2005 was my third attempt at the walk. My first, which I think was in 1998, was one of those occasions when the walk is held in daylight hours rather than overnight. The distances achieved were good, and my 53.75 miles remains my PB, and earnt me 18th position. I pushed myself very heard and suffered a fair bit - the recovery took weeks. A year or two later I entered again - this time the walk was through the cold night and distances were not so great for most participants - I managed just over 51 miles of recorded distance and about 600 yards of "part lap" which was not recorded. This took me into 13th position, and I was very happy with that - although I had not covered as many miles as on my first attempt I felt I had been in a better "consciousness" throughout. This is, after all, what the race is for; not just to cover the distance but to have positive inner experiences. I should say at this point that the event is an "invitational" held by our club, not an open race, and many entrants treat "The Walk" as a meditative rather than athletic event. Personally, I find the physical dimension of a race - the striving, the exertion, the summoning up of inner reserves and inner strength - to be a spiritual process in it's own right. Sometimes I feel myself in a slightly meditative state when running or walking, but usually in a race the experience is more one of "concentration" than meditation proper.

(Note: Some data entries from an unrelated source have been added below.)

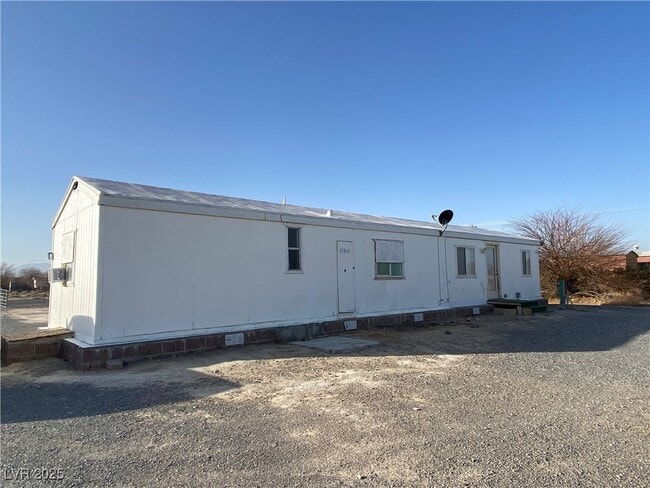property at 950 Black St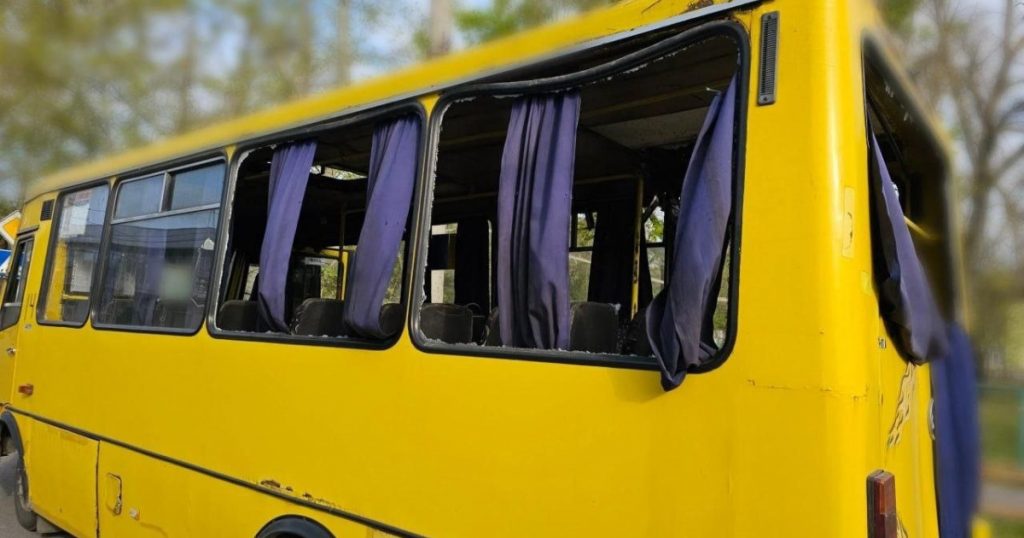 Atac cu dronă în Herson: O privire detaliată asupra brutalității războiului și impactul asupra civililor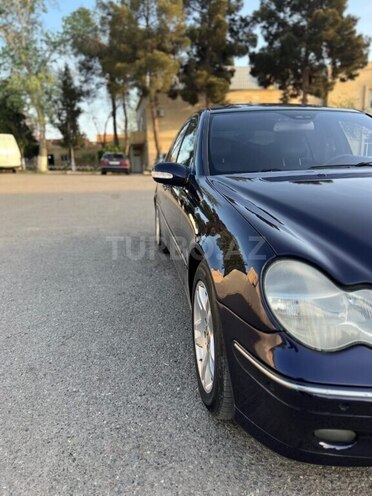 Mercedes C 220 2000, 334,337 km - 2.2 л - Şirvan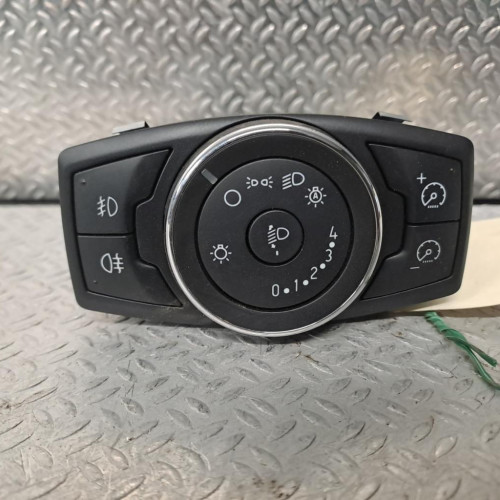 Interrupteur commande de phares Ford FOCUS III A trois volumes 1.6 tdci (2010)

2005 was my comeback year - I had avoided The Walk for several years because of injury troubles, but having finally seen these problems overcome in 2004 I felt there was no good reason not to take part. I did have some reservations - I could remember just how tough this event gets and how hard it is to keep pushing yourself for the whole 12 hours. Anyhow, as we lined up at the start, I was determined to cover a reasonable distance, but also keen to stay in good spirits, enjoy the event, and be happy with whatever I achieved. The race began with a meditation at 7pm - it was a cool evening and we expected it to become very cold indeed by the early hours of the morning. After the meditation, we set off around the track that makes up about a fifth of the course (the other four fifths are a pavement loop around the schools and residential streets that surround the track). A few people went off at a frightening pace, but I stuck to my target of 4 laps per hour, which itself was very testing.

I managed to stay at a decent pace for the first half of the event, drinking regularly and eating solid food every three hours. I am not a trained race walker so I just adopted a simple gait with minimal arm movement - the arms can ache like crazy if you try swinging them for 12 hours and they aren't used to it! The freezing temperatures did not arrive, and we were treated to lots of musical performances from well wishers who set up their instruments at the trackside or simply stood by the roadside and sang. My own group, Ananda, came and played for a while which was great to hear - not sure how Dave managed to keep his fingers nimble enough to play guitar chords but they sounded brilliant and stayed long enough for me to pass them several times as I clocked up the laps.

I had a brief spell of stardom as my name got on the leader board - first in 7th place then creeping up to 6th - but in the second half of the walk I couldn't maintain the early pace and a number of athletes with better stamina came past me. Happily, I stayed on course for the distance I was really hoping for - the 51+ miles I had managed several years before - and my spirits stayed high throughout. In the late stages my feet suffered a little - I was wearing racer-trainers for their lightness, but while their cushioning was more than adequate the support they gave my feet was a little lacking - still, you live and learn.I was kept amused at this stage by the lap counters calling out "God Save The King" each time I passed. I never did find out why, but it was always accompanied by laughter and any laughter is priceless when you are hard at it for 12 hours in an ultradistance walk! Sri Chinmoy himself came down to the course by car to inspire the runners just before dawn - he was in a meditative mood as one of his students drove him slowly around the course so he could see every participant at least once.

When the horn sounded at 7am and those 12 eternal hours were finally up, I had covered 51+ miles again on paper, but my final "part lap" that goes unrecorded was about a mile - so while this wasn't my best ever 12 hour performance it was an improvement on my previous outing, and I was well pleased. It was also my best ever postion - 12th place.

I want to thank the organisers - Pratyaya et. al. - for their amazing work in organising this event every year. Long may it continue.